Intervenante présentant la convergence entre IA et informatique quantique à Commercialising Quantum Global.
Les sessions sur l'IA et le quantique ont traité le calcul avancé comme une architecture commune pour la découverte, l'optimisation et le contrôle.

Le quantique ne doit donc pas devenir une île d'innovation. Il doit rejoindre les discussions sur les produits de données, la gouvernance de l'IA, le calcul haute performance, le cloud et l'énergie. Une donnée mal décrite ne devient pas stratégique parce qu'un processeur plus exotique la traite.

Un modèle opérationnel pour la finance

La capacité quantique doit être transversale : technologie, cyber, risque, finance et juridique. La migration post-quantique est obligatoire. Les pilotes d'optimisation sont sélectifs. Chaque expérimentation doit produire un actif réutilisable : benchmark, modèle de contrôle, leçon de qualité des données, note de risque fournisseur ou explication pour comité exécutif.

Présentation de stratégie britannique sur la technologie quantique et la régulation.
La régulation a été présentée comme un outil de construction de marché lorsqu'elle est proportionnée, orientée résultats et coordonnée avec l'industrie.

Pour cette série de rapports publics, le format sera stable : une synthèse avec thèse, les implications pour la finance réglementée, une explication accessible de la couche technique et une carte des sessions utilisées. L'objectif est d'éviter le dépôt de transcript tout en conservant une traçabilité professionnelle.

Carte des sources

Ce rapport s'appuie sur le dossier Day 1 et Day 2 : agendas, synthèses, entretiens, conférences, tables rondes, supports et notes dédiées à Product Control et Business Finance. Les éléments les plus utiles proviennent des sessions sur la stratégie britannique, la feuille de route IBM, Infleqtion, Q-CTRL, Qubit Village, le continuum de calcul, la convergence IA-quantique, la cryptographie post-quantique, IonQ, les métriques, l'adoption en entreprise et la finance.

Pour une lecture chronologique, les comptes rendus détaillés sont disponibles ici : Jour 1 : promesses, plateformes et écosystèmes et Jour 2 : régulation, Q-Day et finance.

Le message récurrent est constant : commencer avant que l'avantage soit évident. Les institutions qui attendent le point d'inflexion devront construire compétences, contrôles, résilience cryptographique et fondations de données sous pression. Celles qui commencent maintenant peuvent apprendre pendant que le risque reste maîtrisable.

Questions ? Réponses.

Quelle est la thèse centrale de ce rapport sur Commercialising Quantum Global 2026 ?
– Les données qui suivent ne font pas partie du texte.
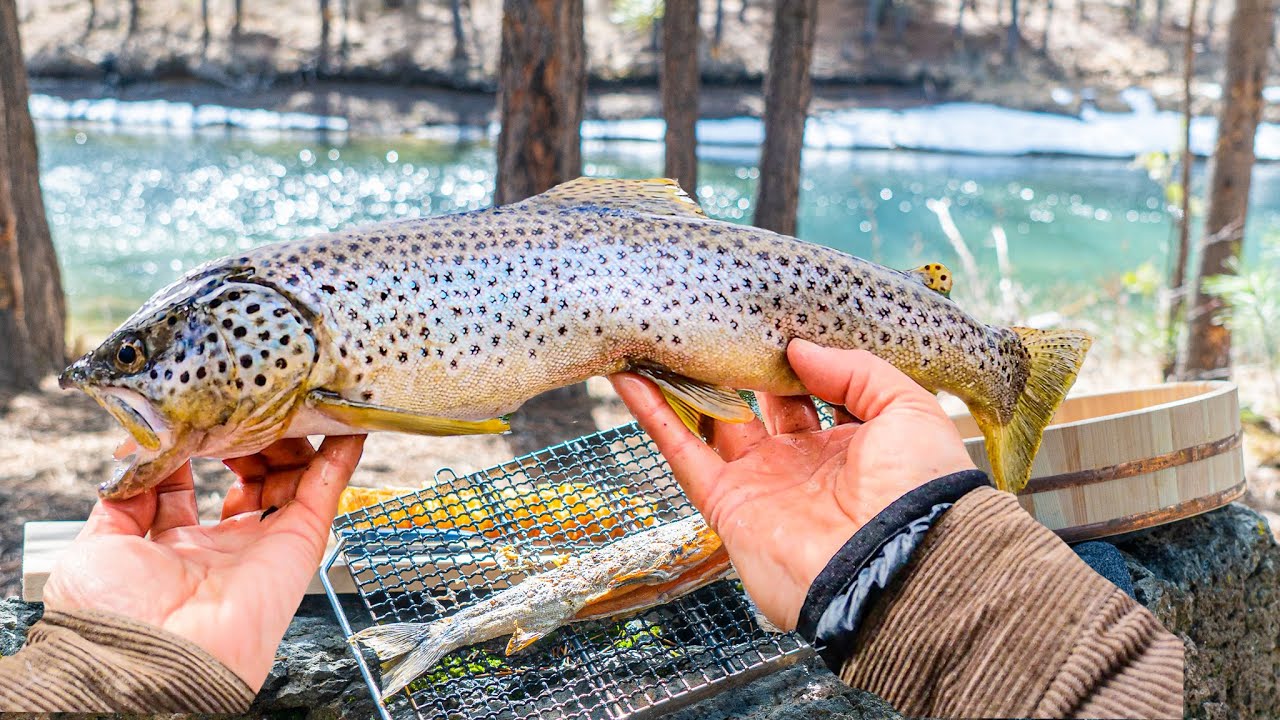 BEST SUSHI ON THE RIVER with Trout | Catch and Sushi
Le rapport soutient que la préparation quantique devient une question de modèle opérationnel pour la finance : résilience cryptographique, gouvernance des données, compréhension fournisseurs, benchmarks et intégration IA/HPC comptent avant l’arrivée de machines tolérantes aux fautes.

Pourquoi relier calcul quantique, IA et cryptographie post-quantique ?

La conférence les a présentés comme une même pile stratégique. L’IA peut aider à exploiter les systèmes quantiques, le quantique peut soutenir certains travaux d’optimisation ou de simulation, et la cryptographie post-quantique est la migration sécurité qui ne peut pas attendre.

Que devrait faire une banque après avoir lu ce rapport ?

Commencer par des cas d’usage bornés, l’inventaire cryptographique, la classification des données longues, la due diligence fournisseurs et les preuves de contrôle nécessaires au risque modèle.

Comment utiliser les comptes rendus Jour 1 et Jour 2 ?

Le Jour 1 éclaire plateformes, écosystèmes, capteurs, standards et capital. Le Jour 2 éclaire régulation, PQC, Q-Day, finance et pile de calcul IA-quantique.